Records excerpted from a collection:
□ □ □ □ □ □ □

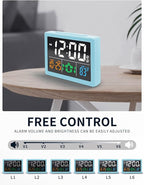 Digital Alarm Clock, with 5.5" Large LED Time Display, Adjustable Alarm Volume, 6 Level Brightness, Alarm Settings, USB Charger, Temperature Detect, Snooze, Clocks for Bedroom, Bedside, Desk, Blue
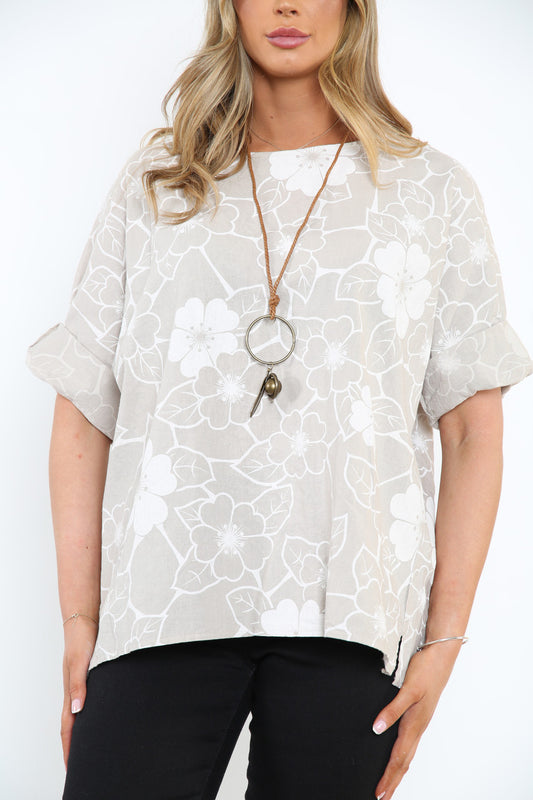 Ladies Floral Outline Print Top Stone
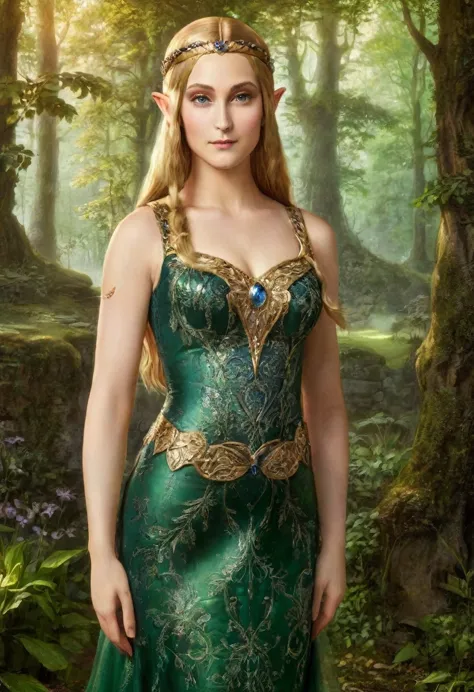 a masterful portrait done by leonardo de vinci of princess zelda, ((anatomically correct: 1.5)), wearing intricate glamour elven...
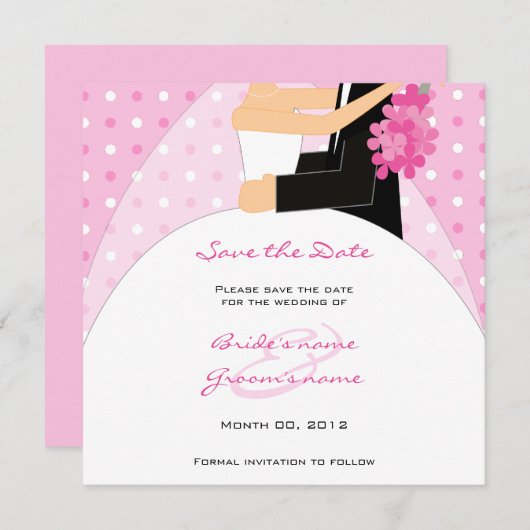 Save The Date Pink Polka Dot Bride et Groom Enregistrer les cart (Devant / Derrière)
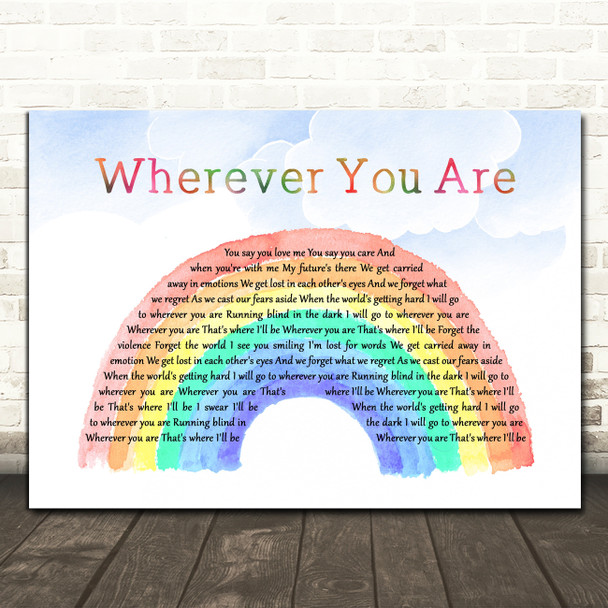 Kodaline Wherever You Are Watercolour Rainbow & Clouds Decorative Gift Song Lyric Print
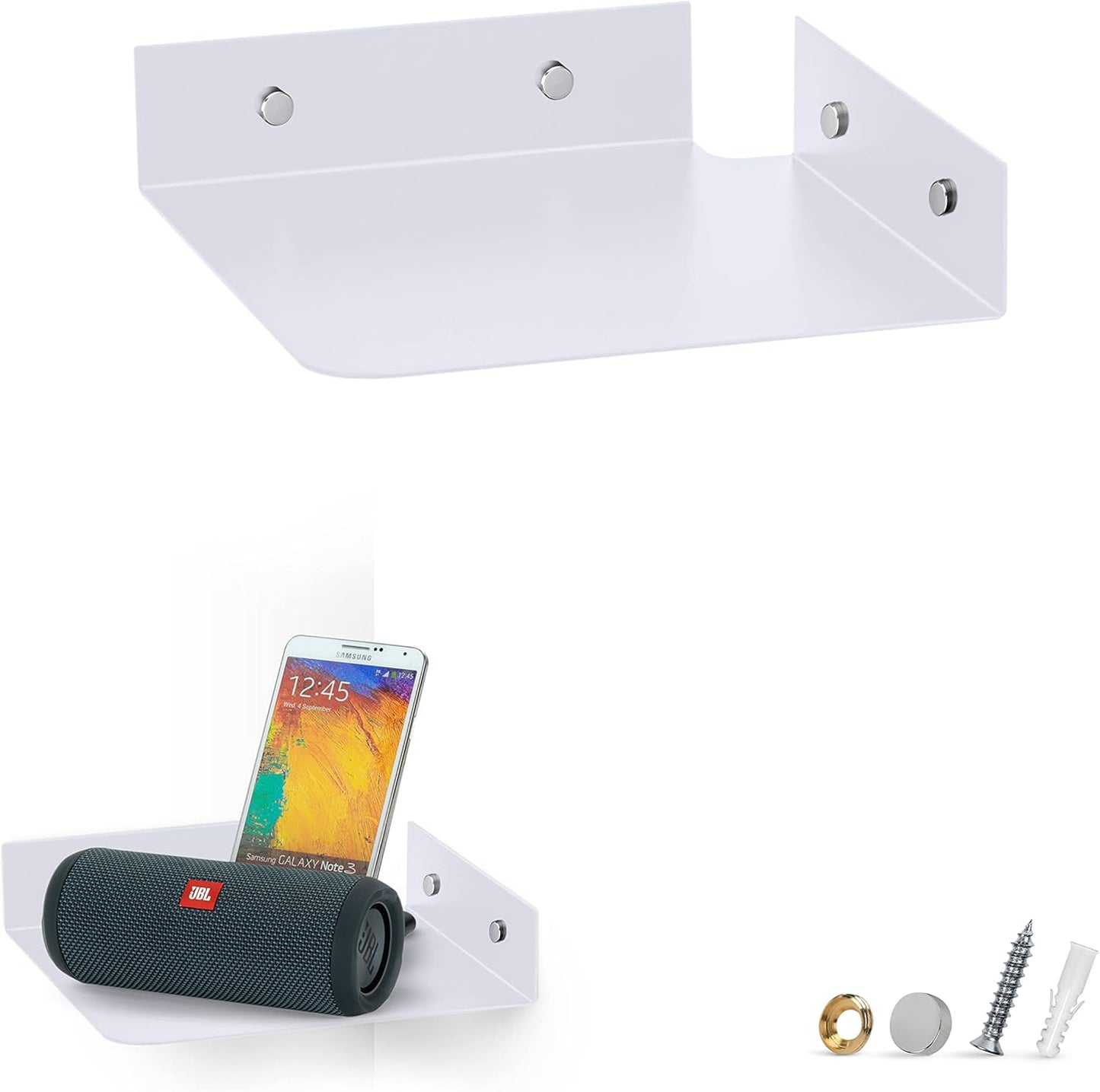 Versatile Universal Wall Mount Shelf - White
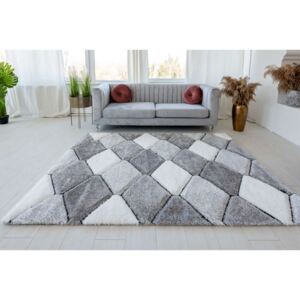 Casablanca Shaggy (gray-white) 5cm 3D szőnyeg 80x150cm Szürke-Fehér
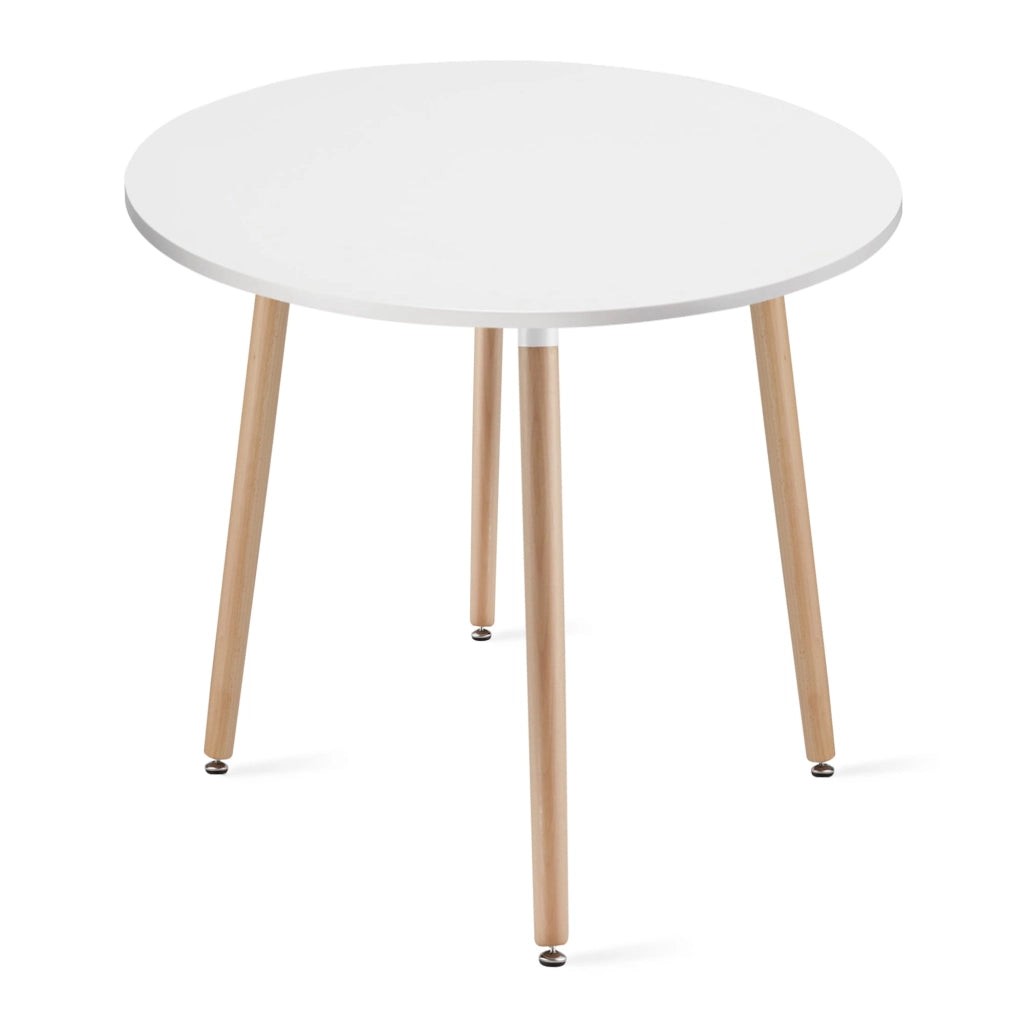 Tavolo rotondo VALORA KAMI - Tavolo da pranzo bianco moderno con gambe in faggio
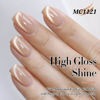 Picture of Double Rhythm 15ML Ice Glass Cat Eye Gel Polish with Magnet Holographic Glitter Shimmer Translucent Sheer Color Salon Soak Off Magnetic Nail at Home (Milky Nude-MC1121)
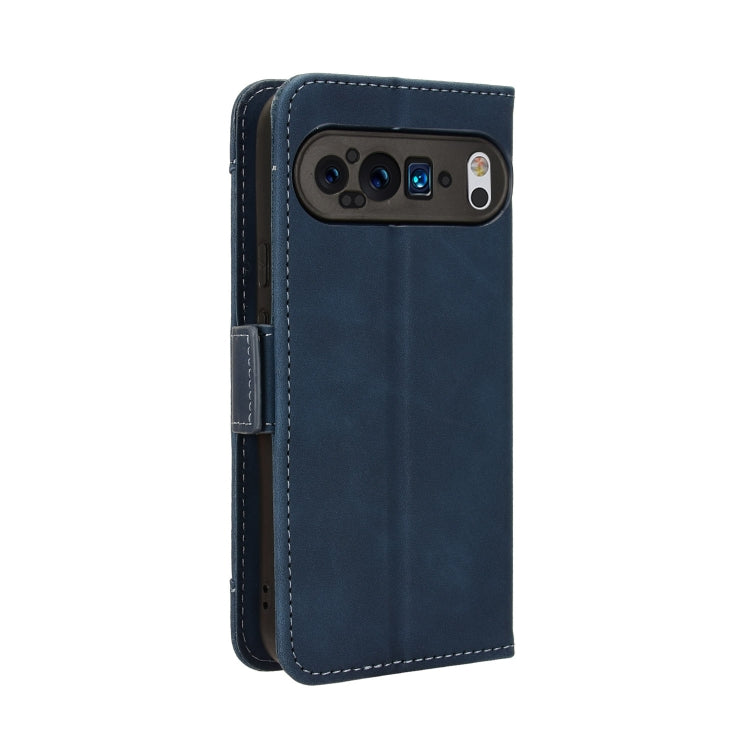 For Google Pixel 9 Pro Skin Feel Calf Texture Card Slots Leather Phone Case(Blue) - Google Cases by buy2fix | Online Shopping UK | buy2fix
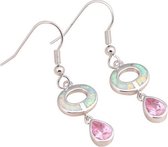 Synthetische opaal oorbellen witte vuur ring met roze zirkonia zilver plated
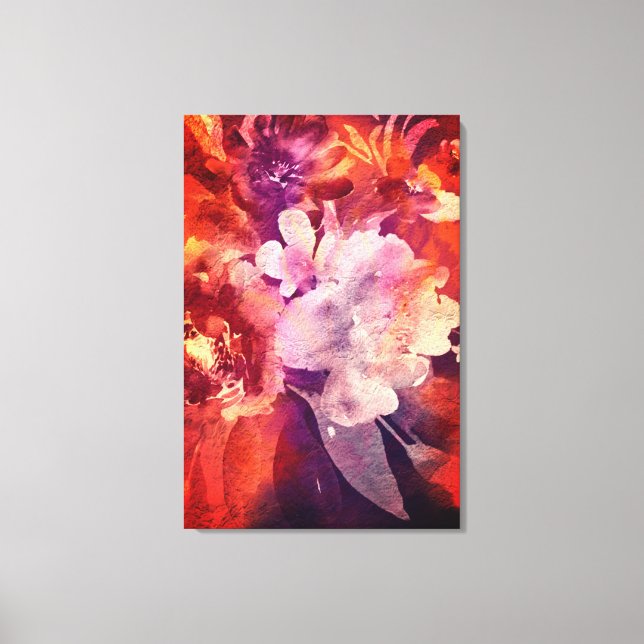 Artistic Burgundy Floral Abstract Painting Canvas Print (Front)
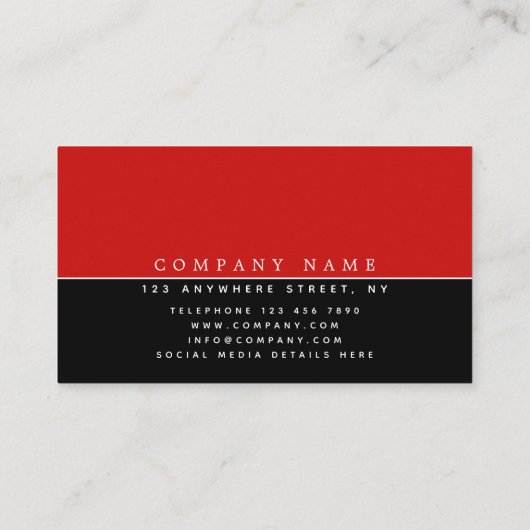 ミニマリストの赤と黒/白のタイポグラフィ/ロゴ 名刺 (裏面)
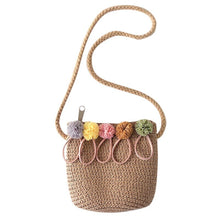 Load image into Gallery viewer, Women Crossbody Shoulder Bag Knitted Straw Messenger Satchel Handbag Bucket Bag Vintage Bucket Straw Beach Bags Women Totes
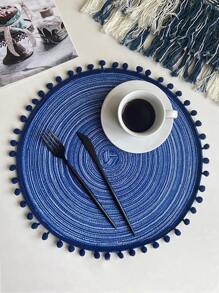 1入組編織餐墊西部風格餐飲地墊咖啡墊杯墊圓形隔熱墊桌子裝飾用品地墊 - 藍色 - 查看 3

□ □ □ □ □ □ □

Requirement:
Word for word and without pictures, please write out only the lines from the start of the entries through the line containing "a masterful portrait", both included.

Exercise solution:
 Digital Alarm Clock, with 5.5" Large LED Time Display, Adjustable Alarm Volume, 6 Level Brightness, Alarm Settings, USB Charger, Temperature Detect, Snooze, Clocks for Bedroom, Bedside, Desk, Blue
 Ladies Floral Outline Print Top Stone
 a masterful portrait done by leonardo de vinci of princess zelda, ((anatomically correct: 1.5)), wearing intricate glamour elven...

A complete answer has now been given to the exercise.